Osteoarthritis is one of the most common chronic joint conditions, impacting nearly 27 million Americans, with people over 60 generally having some form of the disease. Of the few surgical solutions with long-term benefits, total knee replacement (TKR) is proven to aid with advanced osteoarthritis. However, 20% of patients report continued pain or stiffness in their knees following TKR – preoperative angular deformity from wear and tear can be difficult to correct, and contributes to post-operative symptoms. Computer navigation during surgery has emerged over the past decade as a solution to correct the knee’s alignment, and the implant’s positioning, during TKR. Whether improved alignment leads to better clinical outcomes after TKR or greater implant longevity, is currently a hot topic of debate.

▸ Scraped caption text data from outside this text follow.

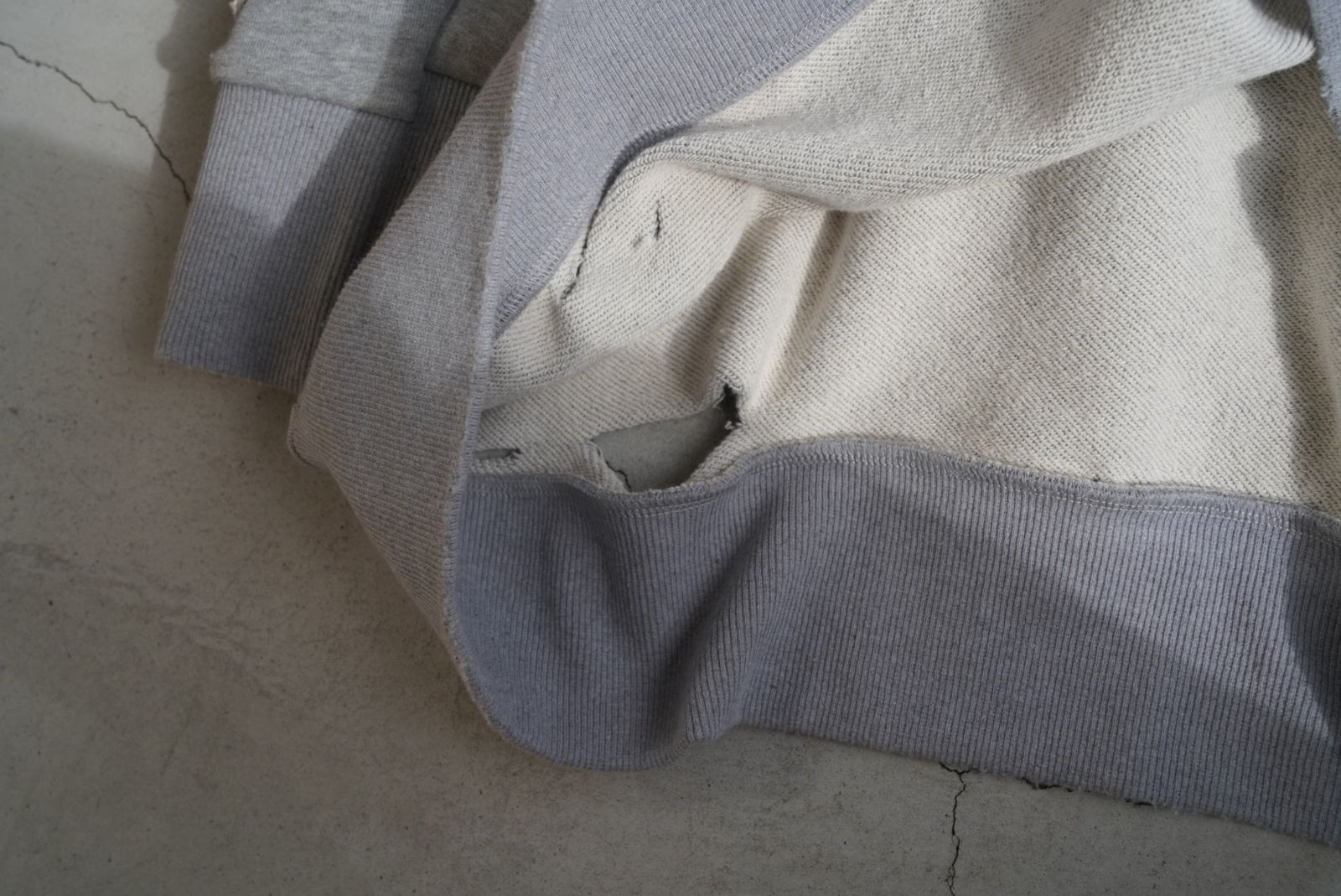 CODA(コーダ)GING BLEACHED DESTROYED SWEATSHIRT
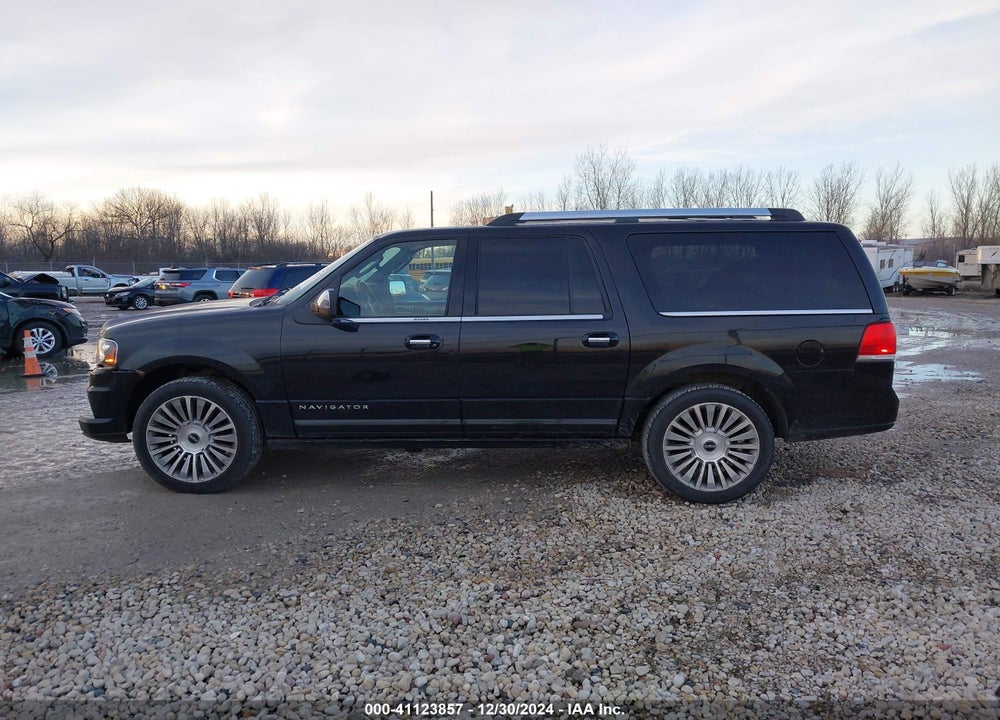 2015 LINCOLN NAVIGATOR L VIN: 5LMJJ3JT3FEJ10170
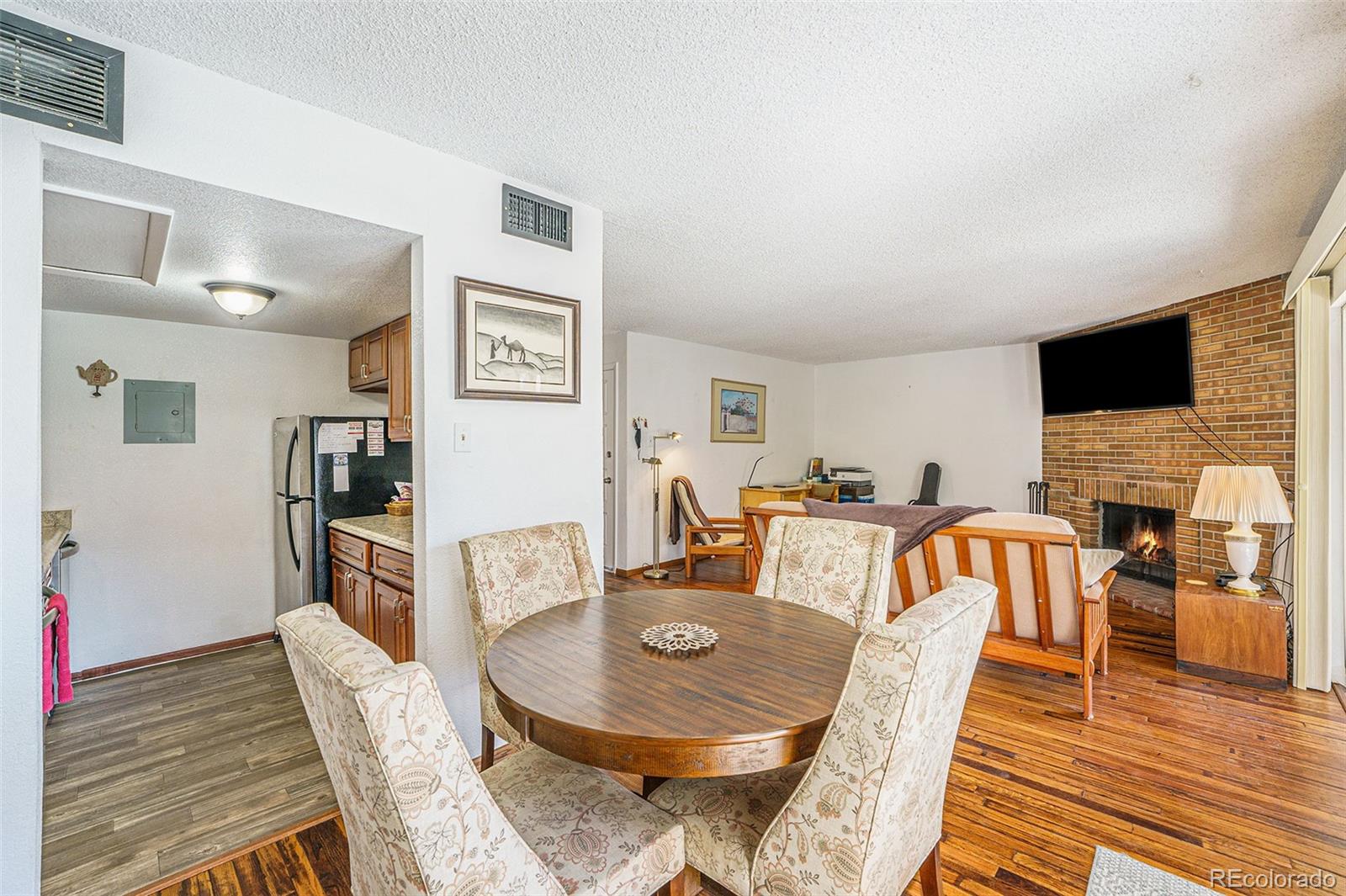 MLS Image #7 for 3325 s monaco parkway,denver, Colorado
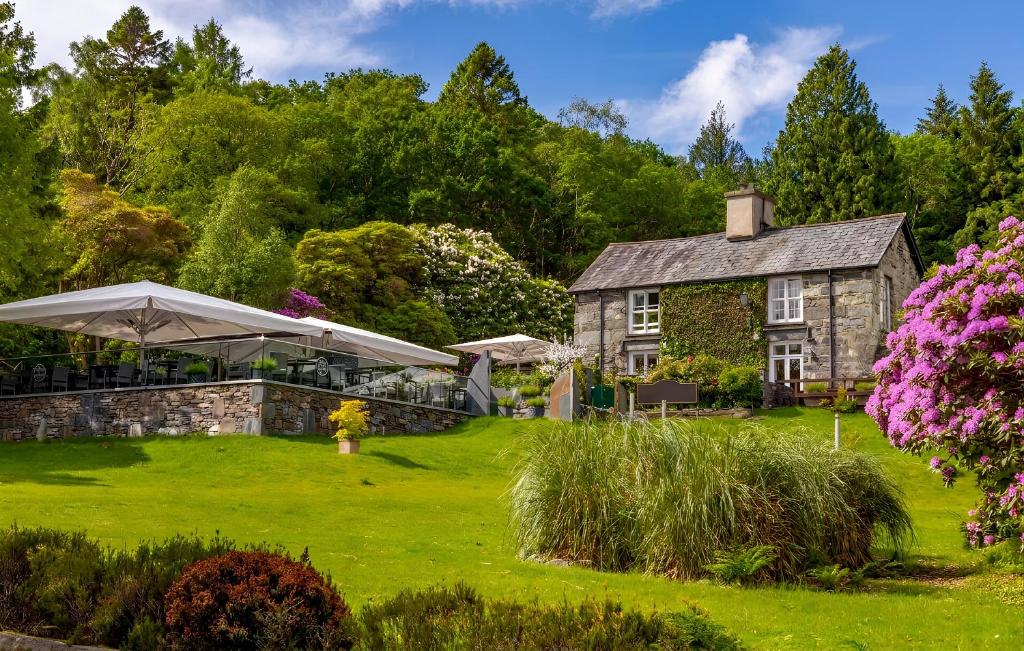 an old stone house with a green yard at Aberdunant Hall, Snowdonia in Porthmadog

A new study from the Journal of Bone & Joint Surgery compared computer-assisted navigated vs conventional TKR. 190 patients with inflammatory arthritis or osteoarthritis in their knees were randomly assigned to undergo computer-assisted or conventional TKR. The surgeries were performed by eight experienced surgeons, each with more than 100 conventional TKR operations and 10 computer-assisted TKRs. Computer-assisted Knee replacement requires an additional 1 inch incision in the midpart of the tibia, therefore a similar sham incision was performed on patients who received conventional TKR, to blind both patients and observers to the results. The study assessed responders after two years following their surgery to assess alignment, pain levels, implant position and more. This study is the first randomized, double-blinded responder analysis comparing computer-assisted navigated and conventional TKR. It is one of the largest double-blinded randomized controlled trials of its kind.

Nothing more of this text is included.